Mekkelilerin heyecanlı bekleyişleri ve meraklı bakışlarının sonunda Harem-i Şerif’e ilk giren Muhammed aleyhisselam oldu. Onun gelişi tüm Kureyşlileri son derece memnun etti. İnsanlar sevinçlerini: “İşte güvenilir kişi, el-Emin geldi! Biz onun vereceği karara seve seve razı oluruz.” diyerek ifade ediyorlardı.[15]
Durumu öğrenen Nebiyyi Muhterem Efendimiz üzerindeki ridasını çıkararak yere serdi. Haceru’l- Esved’i, ridasının üzerine koyduktan sonra her kabileden bir temsilci çağırdı ve onlara elbisenin birer ucundan tutarak Haceru’l Esved’i yukarı kaldırmalarını söyledi. Daha sonra bizzat kendisi mübarek taşı yerine koydu.[16] Efendimiz bu davranışıyla kabileler arasında çıkabilecek muhtemel bir savaşı önlemiş, uzun yıllar sürebilecek kan davalarına mâni olmuştu. Muhammedü’l-Emin’e hayran olan halkın, O’na olan sevgi ve muhabbeti ise kat be kat artmıştı.

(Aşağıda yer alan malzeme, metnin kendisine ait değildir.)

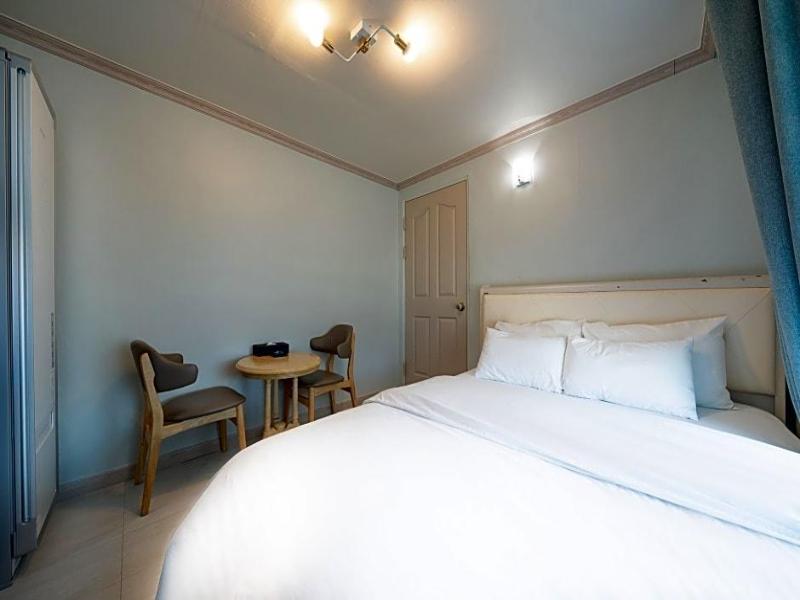 Goodstay Grand Motel Chuncheon image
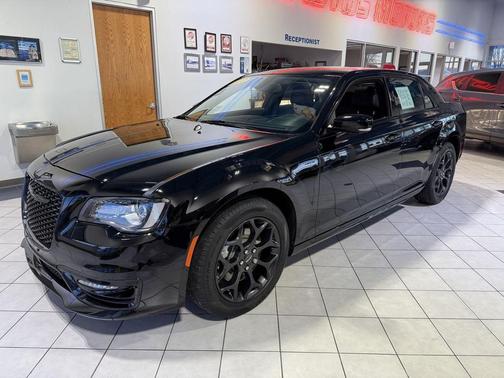 2022 Chrysler 300 Touring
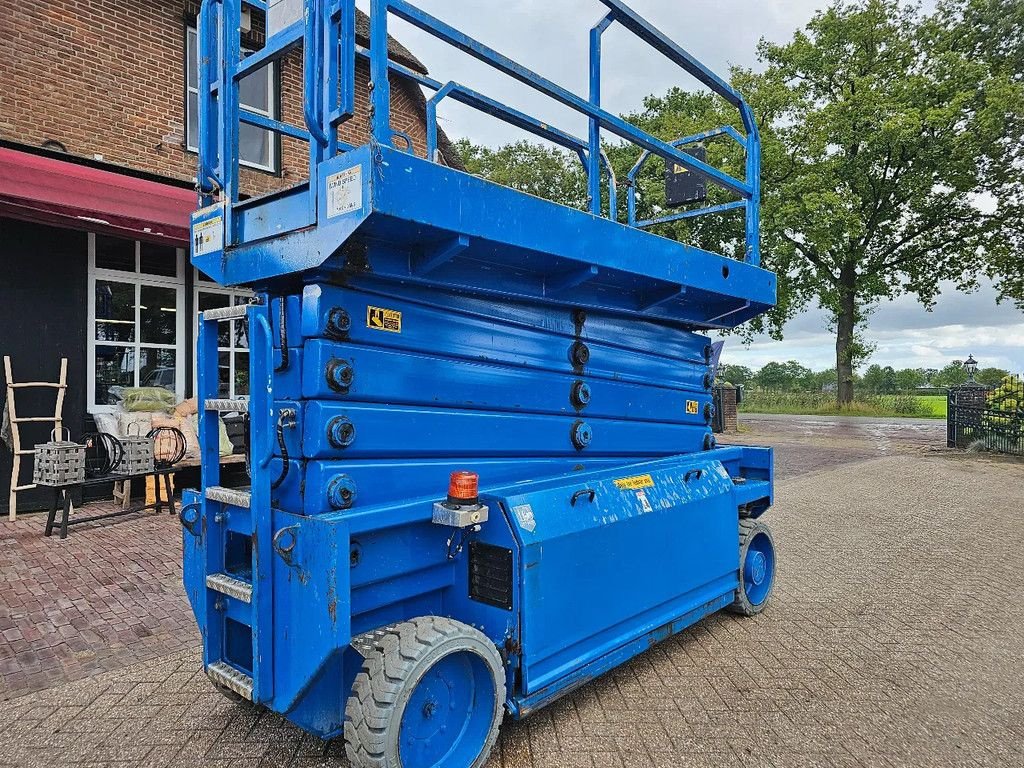 Teleskoparbeitsbühne van het type Upright h.a.b schaarlift 16m 2013 hoogwerker, Gebrauchtmaschine in Scherpenzeel (Foto 2)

Allah Rasûlü’nün risaletle görevlendirilmesinden sadece beş yıl kadar önce meydana gelen bu hadise, O’nun Kureyş toplumu içerisindeki üstün konumunu, insanlar arasında nasıl bir sevgiye ve güvene mazhar olduğunu açık bir şekilde göstermektedir. Cahiliye bataklığına saplanmış, tevhid akidesinden uzak kalmış ve ahlaki değerlerini yitirmiş bir toplumun içerisinde tertemiz kalan; güzel ahlakına, doğruluk ve iffetine tüm toplumun şehadet ettiği Nebi aleyhisselam bu haliyle bizler için ne güzel bir örnektir.
Emin Bir Ümmet
Cahiliye toplumunun müşriklerine bile sonsuz güven hissi veren, ona iman etmeyenlerin dahi değerli eşyalarını gönül huzuru içinde kendisine emanet ettikleri Yüce Efendimizin ümmeti, bugün maalesef büyük bir güven bunalımı yaşamaktadır. “Sakın kimseye hatta babana bile güvenme.” düşüncesi, ümmetin büyük çoğunluğunu esir almış hâldedir. Yeryüzüne hakkı, adaleti, sevgiyi ve barışı hâkim kılma iddiasında olan Müslümanların daha kendi aralarında bile güven ve sevgi ortamını oluşturamamış olmaları, insanların adi menfaatler uğruna kardeşlerine ihanet etmeleri hâlimizin ne kadar acı olduğunu göstermektedir.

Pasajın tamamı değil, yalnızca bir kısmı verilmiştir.